In January 2024, the Clinical Effectiveness Unit at the Faculty of Sexual and Reproductive Healthcare confirmed that the Mirena 52 mg LNG-IUD had been licensed for 8 years for contraception. Perimenopause forces three separate decisions that often get blurred into one: whether you are still ovulating, whether you still need contraception, and whether HRT should be used for symptoms. The Faculty of Sexual and Reproductive Healthcare first published its contraception guidance for women over 40 in October 2017 and amended it again in 2023 and 2025. HRT can help with menopause symptoms during perimenopause, but it does not prevent pregnancy.
Keep fertility, contraception and symptom treatment apart
The starting point is that fertility falls with age, but it does not disappear in perimenopause. Menopause usually affects women between 45 and 55, and it can happen earlier, which is why UK advice uses stopping rules rather than assuming that irregular or absent periods mean pregnancy is impossible.
The age 55 rule matters because hormonal contraception can mask the bleeding pattern you would otherwise use to judge where you are in the menopausal transition. A woman may go months without a period and still have occasional ovarian activity, especially if she is using a hormonal method that suppresses bleeding.
Why HRT is not contraception
You can take HRT if you have menopause symptoms, including during perimenopause and after your periods stop. HRT is a treatment for symptoms, not a contraceptive method. If you still need pregnancy prevention, you need a separate contraceptive plan unless menopause has been confirmed or you have reached the point at which contraception can be stopped by age rule.
A person may start HRT for flushes, sleep disruption or night sweats and assume that the hormonal treatment has also covered pregnancy risk. It has not. The clinical question stays the same: are you still fertile enough to need contraception, and if so, which method fits your age and medical history?
Mirena does one job for contraception and another for HRT
The 52 mg levonorgestrel IUD, Mirena, is the device that most often creates confusion because it can sit at the intersection of contraception and perimenopause care. That extension was approved by the MHRA.

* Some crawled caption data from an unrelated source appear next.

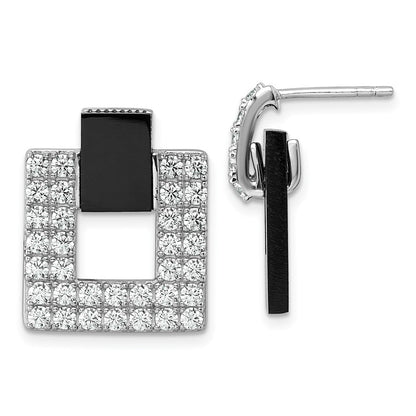 Sterlingsilber Rhodiniert Zirkonia Schwarz Achat Quadratisch Hängend Mis-matched Ohrringe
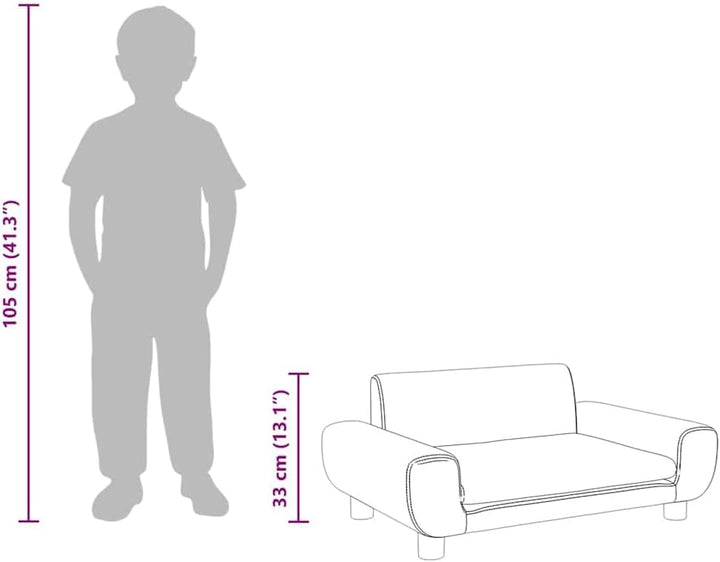vidaXL Kindersofa, Couch für Kinder, Kindercouch mit runden Kanten, Kindersessel Minisofa Polstersof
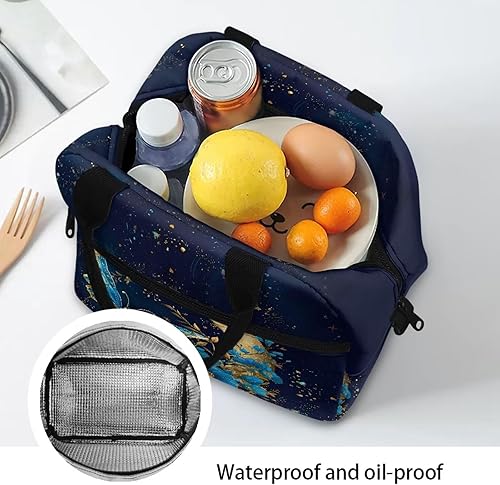 Vista 18 de doginthehole Bolsa de almuerzo portátil de teñido anudado azul, bolsa de almuerzo, organizador reutilizable, hielera para adultos, al aire libre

The 8-year licence applies to contraception only. It does not extend the licence for heavy menstrual bleeding, and it does not extend the licence for endometrial protection as part of HRT. When the device is being used as the progestogen component of an HRT regimen, the contraceptive licence and the HRT role are not the same thing.

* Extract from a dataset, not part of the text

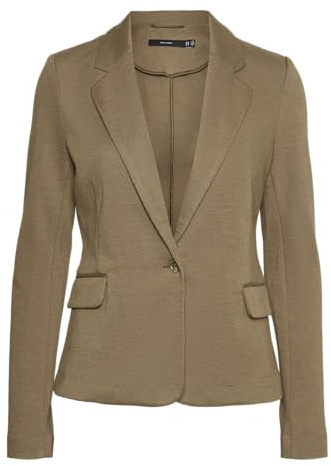 VERO MODA Damen Jersey Blazer Sakko Julia leichte Stoffjacke 10154123 Capers 36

FSRH later issued a separate statement supporting extended use of all 52 mg LNG-IUDs for up to 8 years for contraception in users under 45 at insertion. The device can serve as reliable contraception while also being part of an HRT strategy, but each indication must be checked on its own terms. If you have a Mirena and are unsure whether it is being used for contraception, for heavy bleeding, or for HRT endometrial protection, that is a GP or sexual health review issue, not a point to guess at.

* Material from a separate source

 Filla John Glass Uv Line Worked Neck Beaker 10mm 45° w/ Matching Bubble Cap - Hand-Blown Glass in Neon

Absent periods on Mirena do not prove pregnancy risk is over
A common error is to treat no bleeding on Mirena as proof that fertility has ended. Bleeding can stop because the device suppresses the lining of the womb, not because ovulation has ceased, and hormonal contraception can make the menopausal transition look cleaner than it is.
FSRH guidance does not use bleeding alone as the deciding test. It uses age, method and, in selected women, hormone testing. Absent periods while using Mirena are not enough on their own to say contraception is no longer needed.
When FSH testing helps, and when it does not
FSH testing has a place, but only in selected women using progestogen-only or non-hormonal contraception. It is not a blanket test for everyone with irregular periods. In later perimenopause, it can help decide when contraception can be stopped, but it has to be interpreted alongside age and bleeding pattern.
A single raised FSH should not be used to stop contraception immediately. In some protocols, two elevated FSH measurements 6 weeks apart are required. That reflects the fact that one blood test can mislead, especially when ovarian activity is fluctuating.
FSH can support a decision, but it does not replace the wider clinical picture. Age 50 is a natural review point, not a stopping point by itself. Age 55 is the point at which most women can stop contraception altogether.
Combined hormonal contraception needs an age review
Combined hormonal contraception, including the pill, patch and vaginal ring, can still help with bleeding control and some perimenopausal symptoms. But FSRH advises that women aged over 50 should generally move to safer alternatives rather than staying on combined methods indefinitely. That is because pregnancy in older women, while less common, carries more risk.
Maternal mortality and pregnancy-related morbidity, including pre-eclampsia, are higher with older maternal age. The incidence of congenital abnormality also rises with increasing maternal age.
The practical decision points that matter most
- If you are under 55 and not clearly menopausal, do not assume contraception can stop just because your periods have changed.
- If you are over 50 and using combined pill, patch or ring, review the method rather than carrying on unchanged.
- If you use Mirena, check which role it is playing: contraception, treatment for bleeding, or the progestogen part of HRT.
- If you are relying on absent periods alone, especially on a hormonal method, do not use that as proof that pregnancy risk is gone.